The fact is that many tourists confuse the Acropolis with the Parthenon temple. Clearly, the Acropolis and the Parthenon is not the same thing. The Parthenon is the temple of Goddess Athena which is the main deity and the namesake of the city. It’s a perfect example of Doric tradition with its 136 columns in harmonious optical illusion. It’s construction lasted over a century. However, it endured more than that. After serving as a temple for almost 900 years, it was converted into a church and served nine and a half centuries more. Then, it became a mosque in 1456 after the Turkish conquest and was in use until it was shot by a cannon ball during the Turkish-Venetian war in the 17th century. There was a 40-feet tall sculpture of goddess Athena, housed inside in it, made by gold and ivory but it’s among the losses of war too.

Odeon of Herodes Atticus

It’s the first attraction of the ticketed Acropolis section. This ancient theater bears the name of it’s architect, Herodes Atticus, who constructed it in the memory of his wife Regilla in AD 161. It can host about 5000 spectators.

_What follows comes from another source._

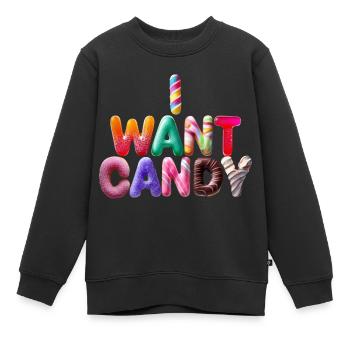 Je veux des bonbons - Sweat Premium enfant bio - noir - Devant - AI Model Kid Female (0cm)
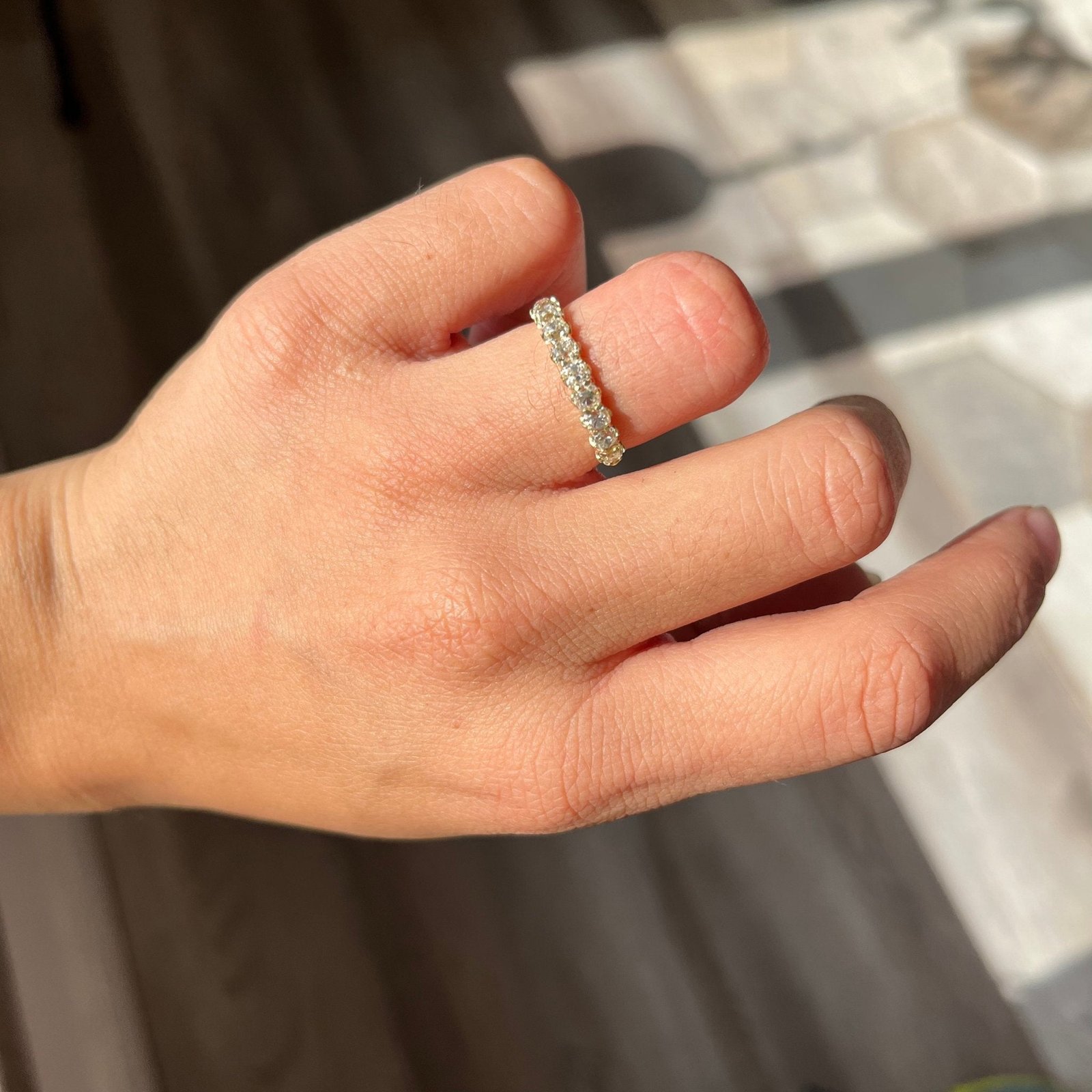 1.13ctw Old Mine Cut Diamond Half-Hoop 9-Stone Band - Image 2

Usually in the summer season, you can still witness live open theatre performances during the festivities.

Theatre of Dionysus

The theater is located beneath the Acropolis on the southwest side of the hill, near the museum. It’s known as the first theatre in the world, dedicated to Dionysus, the god of wine and drama. It was actually the place where Greek tragedy was first performed as the canonic playwrights Sophocles and Euripides overseed their plays in there.  

Acropolis Museum

Below the hill, about 300 meters away from the site, located next to the metro station, there is the 2009 made museum. It’s a polished work of contemporary architecture. Under natural light, the comprehensive galleries exhibit around 4,000 invaluable artifacts and sculptures. Most of the objects in the collection were unearthed at the archaeological workshops which are still ongoing. Time-span of the exhibition begins from the Archaic Period and reaches the Classical Period. There’s a small, separate entrance fee.

Beulé Gate

After the Herodes Odeon, there comes the first gate.This Roman-era entrance is carrying the name of the French archaeologist who discovered it. It was connected to the original entrance, Propylaia, with a marble staircase. Two flanking towers on sides support the gate.

The Agrippa Monument

Passing the Beulé Gate, on the way up to the Propylaia, visitors meet the Monument of Agrippa. This tall & rectangular, two-color marble podium was built in the second century BC for a benefactor of Athens, perhaps the King of the neighbouring Pergamon (now in Turkey). The monument itself began to be known after Marcus Agrippa, a prominent general in the service of Augustus who also become his son-in-law. A representation of his four-horse chariot (quadriga) in the sytle of a bronze sculpture was mounted on the base in 27 BC.

Propylaia

With all its magnificence, this is the main entrance to the site. Marble steps lead to the five impressing getaways gradually increasing in height and width. The construction is ornamented by eastern and western side porticos, including a couple of Doric columns.

Erechtheion

Situated near the OldTemple of Athena Polias, (which was raided by the Persians thus only limited remains of it are visible today), the namesake King Erechtheus’ tomb was placed in there. Moreover, the building also includes the tomb of the Athenian dynasty’s founder, King Kekrops. Alongside with the nearby cult of Pandroseion, the deities Poseidon and Athena have their shrines in there as well. All these sanctuaries are sustained by six glorifying caryatides on the porch, structures in physical female shapes that serve as columns.

Temple of Athena Nike

Having been restored two times after the 19th century, this well-preserved ancient altar was dedicated to the Goddess Athena’s (which is a deity of warfare beside wisdom) epithet as the bringer of Victory, Nike. It’s supported by Ionic columns on the northern and southern sides. Its platform with the adorning reliefs is exhibited in the nearby museum.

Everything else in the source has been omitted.